The function supports arguments that are values of the following data types:
String & binary data types (for example, VARCHAR and BINARY).
For example, the following function calls are supported:
SELECT DATASKETCHES_HLL_ACCUMULATE(1::TEXT);
SELECT DATASKETCHES_HLL_ACCUMULATE(TO_BINARY(HEX_ENCODE(1), 'HEX'));
Data types for floating-point numbers (for example, FLOAT and DOUBLE)
The DataSketches library casts these values to DOUBLE values.
Data types for fixed-point numbers (for example, INTEGER and NUMERIC).
The function only supports numeric types with a scale of 0. However, you can cast numeric values with a scale other than 0 to a data types for a floating-point number.
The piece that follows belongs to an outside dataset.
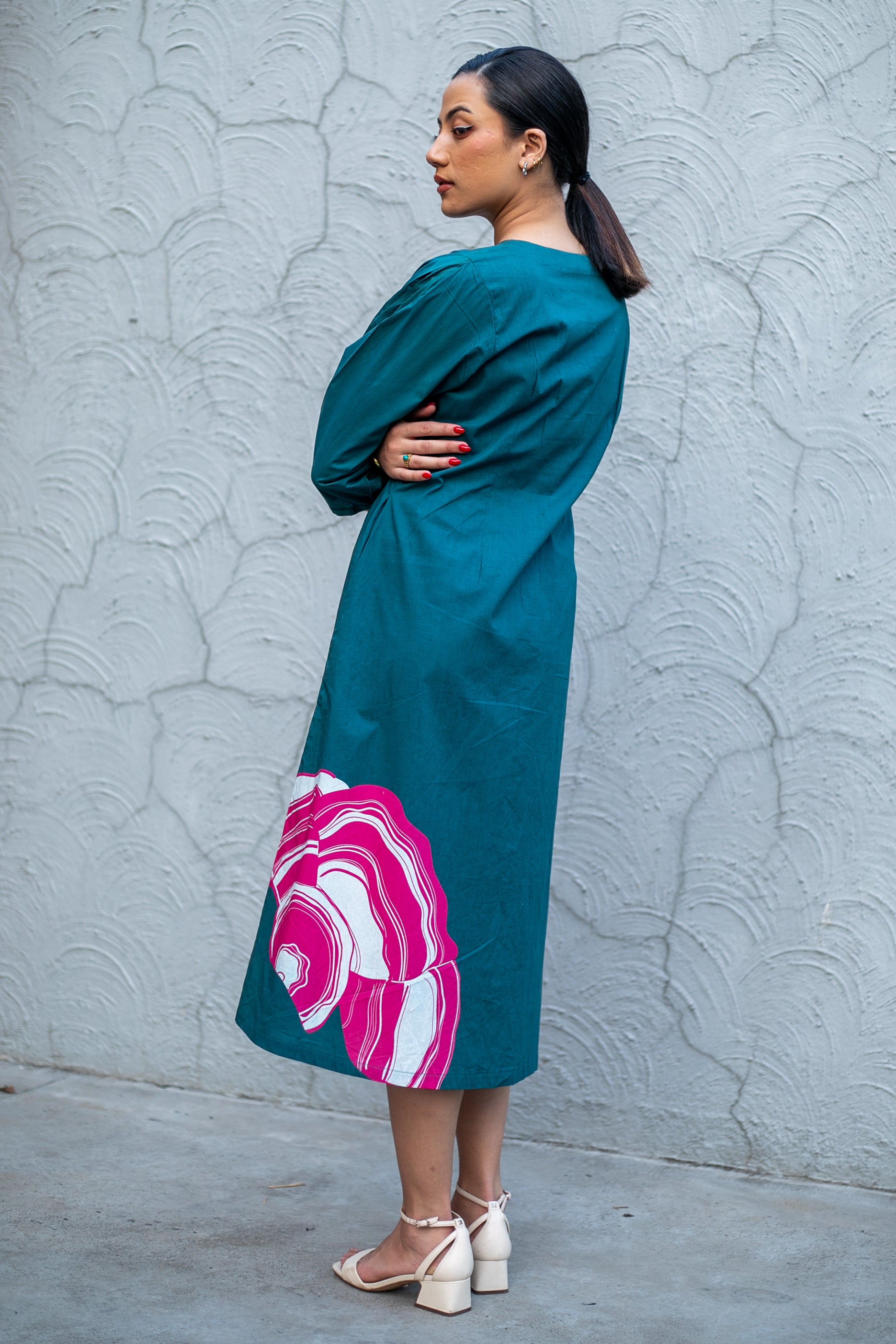 Fungi Cascade Dress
The DataSketches library casts these values in the range of a 64-bit signed INTEGER to a 64-bit signed INTEGER value.
The DataSketches library doesn’t directly cast INTEGER values exceeding the 64-bit signed INTEGER range (such as 128-bit integer values). However, Snowflake still supports these values by automatically converting them to DOUBLE values, which DataSketches supports. This behavior is identical to the behavior of the
datasketches-python
library.
Values of other data types aren’t supported. For example, VARIANT and ARRAY values aren’t supported.
Examples¶
Create a table and insert values:
CREATE OR REPLACE TABLE datasketches_demo(v INT, g INT);
INSERT INTO datasketches_demo SELECT 1, 1;
INSERT INTO datasketches_demo SELECT 2, 1;
INSERT INTO datasketches_demo SELECT 2, 1;
INSERT INTO datasketches_demo SELECT 2, 1;
INSERT INTO datasketches_demo SELECT 1, 2;
INSERT INTO datasketches_demo SELECT 1, 2;
INSERT INTO datasketches_demo SELECT 4, 2;
INSERT INTO datasketches_demo SELECT 4, 2;
INSERT INTO datasketches_demo SELECT 5, 2;
Use the DATASKETCHES_HLL_ACCUMULATE function to create two binary sketches for the data in column v
,
grouped by the values 1
and 2
in column g
:
SELECT g,
DATASKETCHES_HLL_ACCUMULATE(v) AS accumulated_sketches
FROM datasketches_demo
GROUP BY g;
+---+------------------------------------------+
| G | ACCUMULATED_SKETCHES |
|---+------------------------------------------|
| 1 | 0201070C030802002BF2FB06862FF90D |
| 2 | 0201070C030803002BF2FB0681BC5D067B65E608 |
+---+------------------------------------------+